Improving the lives of Australians with disability
7 December 2020 at 5:30 pm
As we adjust to a new way of living post-COVID, there is a real opportunity to address the longstanding barriers Australians with disability face, writes Vince Massaro, who shares the findings from a recent survey about how people with disability experience Australia.
COVID-19 is here for good and is drastically reshaping our interactions with others and the built environment around us.
Cafes, clothing stores, banks and doctors’ waiting rooms that are set up for physical distancing look a little different, even strange, to most of us.
But these physically-distanced spaces represent a seismic shift in the way people who use wheelchairs – and others who are sensitive to overcrowding and clutter – experience their community.
As we adjust to this new way of living, there is real opportunity to address the longstanding barriers Australians with disability face. It’s time we implemented these measures for good.
Consider the pre-COVID-19 environment as an example.
You want to go out for dinner with a few close friends for your birthday, so you phone a restaurant, book a table for six and that’s that.
A person with a wheelchair needs to find out about ramp access, accessible toilets, wide doorways and the space between tables and chairs on the restaurant floor itself.
A mere outing for dinner can turn into multiple phone calls or a day trip to inspect the restaurant before bothering to book a table.
It takes a similar undertaking for someone with a disability to plan a trip to the zoo, the movies or even shopping for clothes. But it shouldn’t.
These are ordinary activities most of us don’t need to think about or plan. But the way our towns are built and our cafes, shops and supermarkets are fitted out present barrier after barrier for people living with disability.
We know this, because we surveyed 600 Australians living with disability and their carers to find out how they experience Australia.
Half of the people surveyed don’t feel included in their community. And it’s the simple, obvious solutions like our built infrastructure and our attitudes that are excluding them.
Our research showed narrow aisles at the supermarket, inaccessible toilets, little to no disability car parking and minimal wheelchair access continue to prevent people with physical disability from accessing the places they want to. The research also found people feel like they have to hide the fact they have a disability or not show their feelings, in case others don’t know how to react.

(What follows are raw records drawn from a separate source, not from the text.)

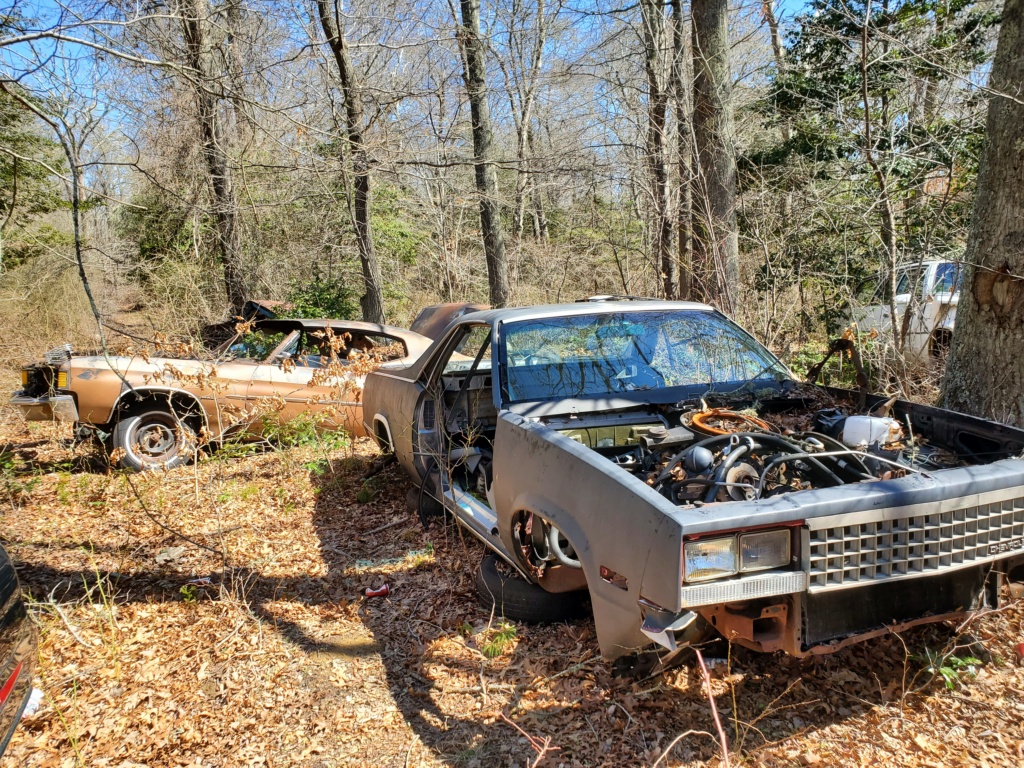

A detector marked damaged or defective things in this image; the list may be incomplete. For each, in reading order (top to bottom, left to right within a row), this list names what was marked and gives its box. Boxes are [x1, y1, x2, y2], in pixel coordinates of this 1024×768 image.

car with broken window [9, 317, 432, 473]
rusty abandoned car [14, 317, 434, 473]
car with broken window [364, 301, 1024, 667]
rusty abandoned car [364, 301, 1024, 667]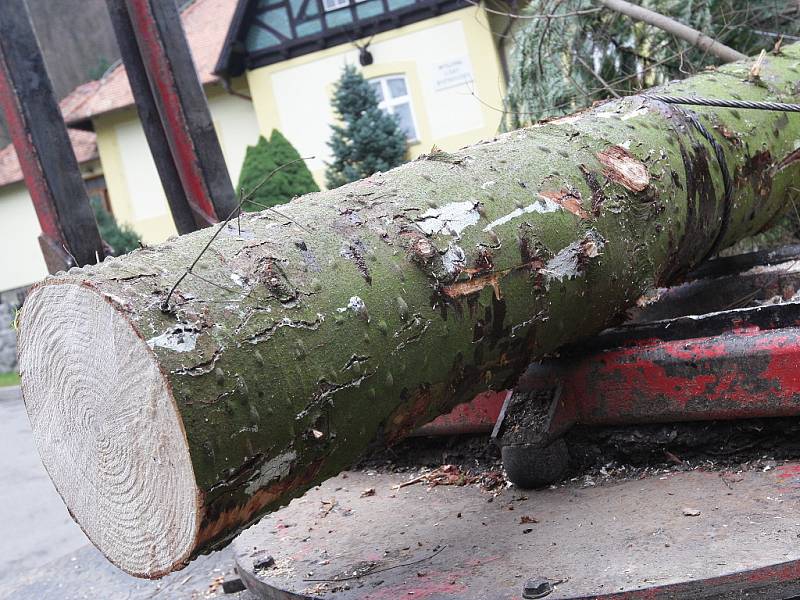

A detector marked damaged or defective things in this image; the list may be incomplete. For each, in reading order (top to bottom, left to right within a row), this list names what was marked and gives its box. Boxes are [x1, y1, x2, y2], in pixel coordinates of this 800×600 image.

rusty metal surface [233, 468, 800, 600]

These anecdotes don’t tell us anything we haven’t heard before. And that’s the most sobering finding of all.
Australia hasn’t sat still in its efforts to improve the lives of people with disability.

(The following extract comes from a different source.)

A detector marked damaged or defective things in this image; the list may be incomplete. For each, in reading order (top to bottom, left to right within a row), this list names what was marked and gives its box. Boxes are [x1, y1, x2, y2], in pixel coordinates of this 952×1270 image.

In 2010, the inaugural National Disability Strategy – aimed at shifting community attitudes about disability – was launched. In 2011, the Disability (Access to Premises – Buildings) Standards 2010 – designed to make our buildings and public places accessible for everyone – became law. In 2013, the National Disability Insurance Scheme – the country’s biggest social reform since the introduction of Medicare – began.

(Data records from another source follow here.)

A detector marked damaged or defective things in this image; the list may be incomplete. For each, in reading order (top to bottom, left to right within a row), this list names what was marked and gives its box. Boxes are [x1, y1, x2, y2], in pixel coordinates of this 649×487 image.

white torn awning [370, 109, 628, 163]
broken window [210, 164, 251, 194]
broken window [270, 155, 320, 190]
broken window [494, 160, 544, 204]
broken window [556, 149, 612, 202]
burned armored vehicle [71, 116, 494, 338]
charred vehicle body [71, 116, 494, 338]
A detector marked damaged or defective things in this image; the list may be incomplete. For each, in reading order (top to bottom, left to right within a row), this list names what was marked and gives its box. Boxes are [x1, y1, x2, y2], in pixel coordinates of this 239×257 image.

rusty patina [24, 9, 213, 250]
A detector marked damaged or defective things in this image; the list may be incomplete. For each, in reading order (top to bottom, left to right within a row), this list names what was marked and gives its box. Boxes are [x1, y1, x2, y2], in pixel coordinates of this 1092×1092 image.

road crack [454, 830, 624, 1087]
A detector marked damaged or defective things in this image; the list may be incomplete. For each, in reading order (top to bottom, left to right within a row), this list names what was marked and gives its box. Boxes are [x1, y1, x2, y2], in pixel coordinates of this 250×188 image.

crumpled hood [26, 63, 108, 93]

None of these initiatives should be disregarded. Our own organisation has witnessed firsthand the difference these reforms make to the lives of people with disability, their families and carers.
Despite these efforts, the consultation report informing Australia’s next 10-year disability strategy found people without disability are still unsure how to act toward people with disability; discrimination against people with disability still exists; and, people with disability continue to report experiences of neglect, exploitation, violence and/or abuse. Our research supports this sombre outlook.
It’s clear that governments cannot legislate Australia into being more accessible and inclusive. What’s missing is a community-wide, community-owned response. And it falls on all of us to redouble our efforts.
There are experts in this space that can help organisations who want to be more accessible and inclusive. Disability advocacy groups and partners in the community that are delivering the NDIS across Australia hear from people with disability, their families and carers every day. They can provide guidance, assessments, tools and training to any organisation that wants to be inclusive of everyone. Better yet, they actually include people with disability in the solutions.
Placing tables further apart and removing displays from doorways may have seemed radical at the start of COVID-19. But it’s these sorts of measures that Australians with disability have been crying out for, for decades.
In the current crisis there is an opportunity to reshape the daily community experience for people with disability. We must not let that opportunity slip. There are steps all of us can take. And if we do, Australia will become a country that truly treats people with disability as part of the community.